A rights activist is suing police in Anhui's capital for illegally detaining his 10-year-old daughter after holding him and raiding his home without a warrant last month, he said yesterday.
Zhang Lin, 49, who was previously jailed for leading student hunger strikes in Anhui in support of the 1989 Tiananmen pro-democracy movement, lodged his case with provincial prosecutors on Friday.
He said a policeman took him to the Hupo police station in Hefei on the morning of February 27, saying he needed to apply for a temporary residence permit because he was originally from Bengbu.
The policeman then detained him and took his mobile phone and keys, and searched his home without a warrant, he said. When he said he needed to pick up his daughter from school in the afternoon, police refused to let him.

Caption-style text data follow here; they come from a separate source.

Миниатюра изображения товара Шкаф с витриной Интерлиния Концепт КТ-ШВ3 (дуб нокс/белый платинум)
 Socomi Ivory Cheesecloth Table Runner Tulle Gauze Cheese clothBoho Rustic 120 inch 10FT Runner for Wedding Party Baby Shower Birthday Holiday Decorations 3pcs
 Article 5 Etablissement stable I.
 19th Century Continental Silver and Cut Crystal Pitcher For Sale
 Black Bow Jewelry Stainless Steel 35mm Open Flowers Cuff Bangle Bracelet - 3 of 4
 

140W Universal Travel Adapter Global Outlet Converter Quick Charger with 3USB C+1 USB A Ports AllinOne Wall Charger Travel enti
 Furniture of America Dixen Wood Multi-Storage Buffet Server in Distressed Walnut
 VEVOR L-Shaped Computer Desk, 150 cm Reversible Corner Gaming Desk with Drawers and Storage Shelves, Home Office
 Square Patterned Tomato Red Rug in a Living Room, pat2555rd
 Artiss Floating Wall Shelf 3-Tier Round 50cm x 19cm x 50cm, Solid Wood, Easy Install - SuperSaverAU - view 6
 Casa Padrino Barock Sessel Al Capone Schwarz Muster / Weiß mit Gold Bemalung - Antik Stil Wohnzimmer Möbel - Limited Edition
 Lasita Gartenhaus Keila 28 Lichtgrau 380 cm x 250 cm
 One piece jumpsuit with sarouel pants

His daughter was then picked up by four unidentified men and was taken to the Hupo police station, where she was kept in a meeting room for more than three hours, Zhang said. He said he only saw her at around 7pm, after repeated requests.
Father and daughter were kept together until the next afternoon, by which time she had been held for 20 hours, he said. Zhang is divorced and said no one in his family was told about their detention.
"This incident has had a tremendous impact on my daughter - now she doesn't want to see or talk to anybody and she often gets moody," he said by phone. "That horrific experience has possibly brought irreparable damage to her young mind."
A Hefei public security bureau worker said he had no knowledge of the case.
After their release, Zhang and his daughter were sent back to Bengbu, 130 kilometres away, and are homeless, after police barred them from staying in Hefei. His daughter has been barred from returning to her school.
Zhang was in Hefei to be close to his eldest daughter, who is attending university there. He has been appealing online for somewhere for him and his younger daughter to stay.
Zhang, a writer and political activist, has been imprisoned and given re-education-through labour sentences several times. He was last jailed in 2005 after publishing online articles critical of the government, when his daughter was nearly two. He was released in 2009.